Eppure era spirituale, autentico, agreste, classicista, esteta, impaziente, individualista, libertario, scomodo, infedele, egocentrico e realista.
E’ una cosa possibile? Ma certo, se sei De André, naturalmente. Chiunque altro sarebbe soltanto uno sputtanato inconcludente e poco consapevole.
Se la canzone italiana ha un qualche valore, una certa cifra artistica, è indubbiamente merito della generazione di cantautori “arrabbiati” che hanno calcato le scene dalla metà degli anni sessanta fino alla fine degli anni di piombo; la coincidenza storica tra il grande casino sessantottino, le stragi, l’inquietudine, gli scioperi, i compromessi più o meno storici, e l’arte.
Pasolini, Pannella, Berlinguer, Pazienza, Fellini, Malerba, Zanzotti, Calvino, Pinelli, Fo, Volonté, eccetera, eccetera, eccetera…poeti, scrittori, registi, attori, saggisti, attivisti; si aggiunsero, come accadeva in tutto il resto del mondo, anche i cantautori. O meglio sorsero, perché prima, caso curioso, non c’erano. C’erano i menestrelli, gli aedi, i cantori di strada, gli interpreti, i poeti, ma non sussisteva la categoria.
Fu così che spuntarono, tra Genova, Bologna, Milano e Roma: Dalla, Guccini, Bertoli, Graziani, Lauzi, Battiato, De Gregori, Venditti, Vecchioni, Paoli e il diversissimo Fabrizio De André.
Perché le sue battaglie erano intime. Perché i suoi spettacoli erano trasversali. Perché le sue giornate erano su un trattore, in Sardegna, lontano da tutto e da tutti.
Perché la sua situazione era spinosa, scomoda, una vita fatta di un vissuto che permeava tutto se stesso, anche tutto ciò che scriveva. Soprattutto ciò che scriveva.

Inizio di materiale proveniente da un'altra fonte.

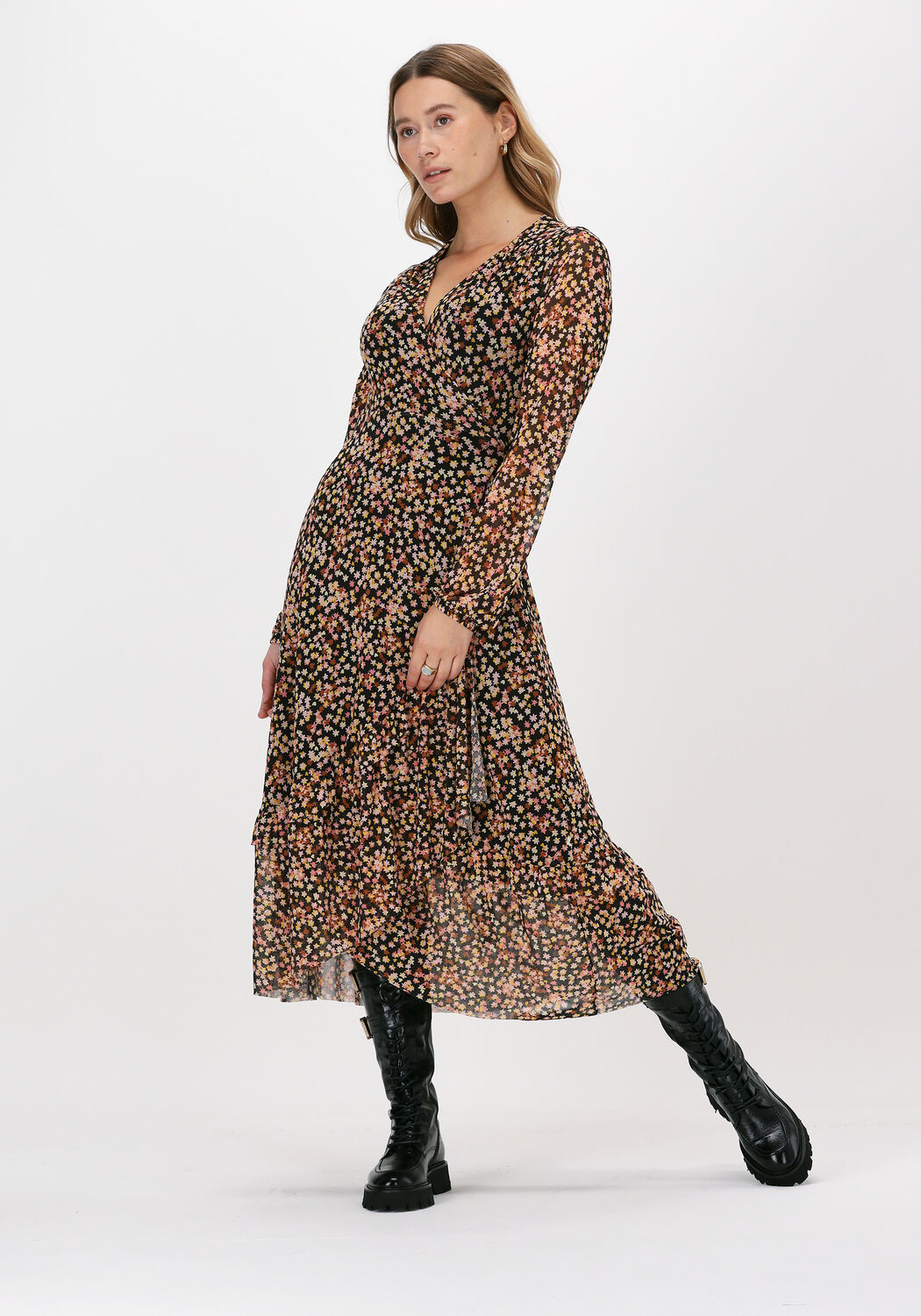 Fabienne chapot natasja frill dress 2025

Fabrizio era anarchico dalla mattina alla sera, dalla veglia al sonno, probabilmente anche mentre sognava.
La differenza sta tutta lì.
E oggi, la sua mancanza è un baratro così grande da risultare incolmabile e ogni giorno abbiamo un disperato bisogno di ascoltare le sue parole, per la necessaria condizione umana che in questo torpore manca terribilmente: REAGIRE.